Africa Trade Not a Priority for Trump
For all of the Trump administration’s talk of expanding United States exports and reducing the country’s trade deficit, it is not doing much in Africa, a continent where trade and investment opportunities are abundant.
According to a recent report from Freedom House, “trade and investment appears to be a second-tier priority for the Trump administration in Africa—even though last year US direct investment in the region grew to $57.5 billion, the highest level ever, according to the State Department.”
Commercial opportunities in Africa are expanding, in sectors like infrastructure, power, mobile banking, financial services, and consumer products. “But it remains to be seen whether the administration has the interest or personnel to take advantage of them,” the report said.

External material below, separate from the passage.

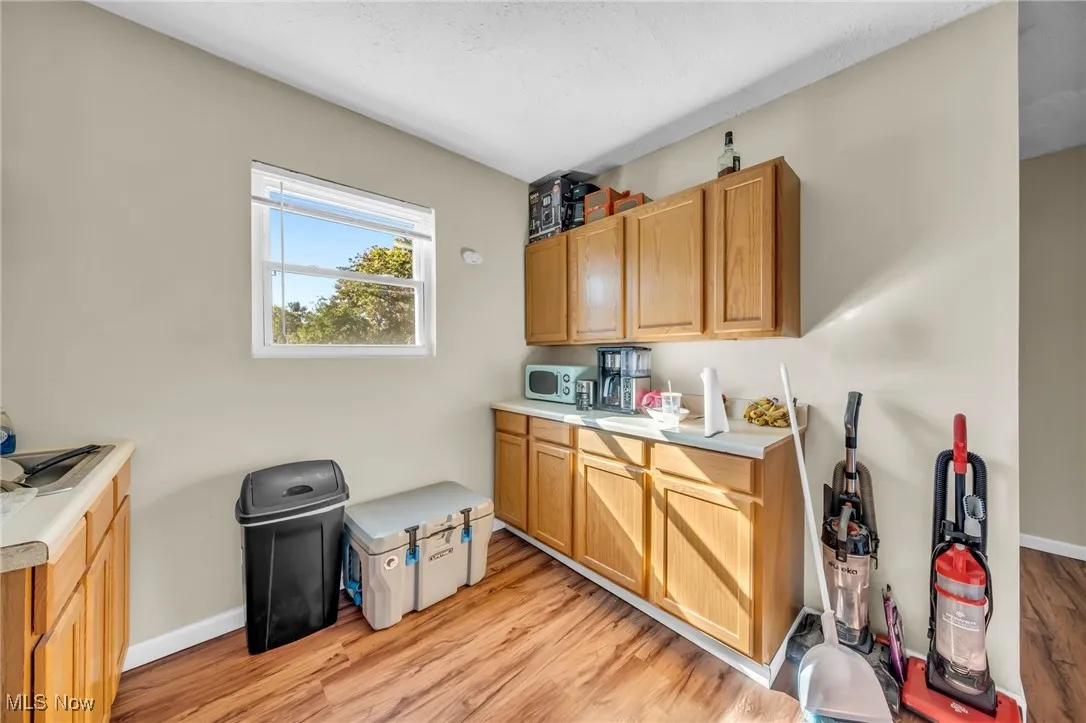 Kitchen featuring light countertops, light wood-type flooring, white microwave, and brown cabinets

Key State Department positions as well as ambassadorships to South Africa, Tanzania, and the Democratic Republic of the Congo, remain vacant.
“There are no indications that the administration plans to transition any time soon to a more reciprocal trade agreement following AGOA [the August forum in Togo on the African Growth and Opportunity Act, a US law on the books since 2000,] to support U.S. exports and investments in the face of the growing dominance throughout Africa of European and Chinese companies,” the report concluded.
On the positive side, the report claims that US Trade Representative Robert Lighthizer showed leadership at the AGOA forum and that the continuation of the Obama-era Presidential Advisory Committee on Doing Business in Africa, a Commerce Department unit, “is a positive signal.”
“Advancing democratic governance should continue to be a top priority for the Trump administration,” the report recommends, with the greatest potential for democratic progress in 2018 to be found in Zimbabwe.
Elsewhere on the continent, long-serving leaders Uganda and Burundi “are maneuvering to remain in office,” testing US “tolerance for leaders to remove term limits and rule indefinitely.” Kenya, a US ally on counterterrorism, is not making progress and democratic and economic progress, according to the report, a situation which will also test the US “foreign policy position on democratic governance.”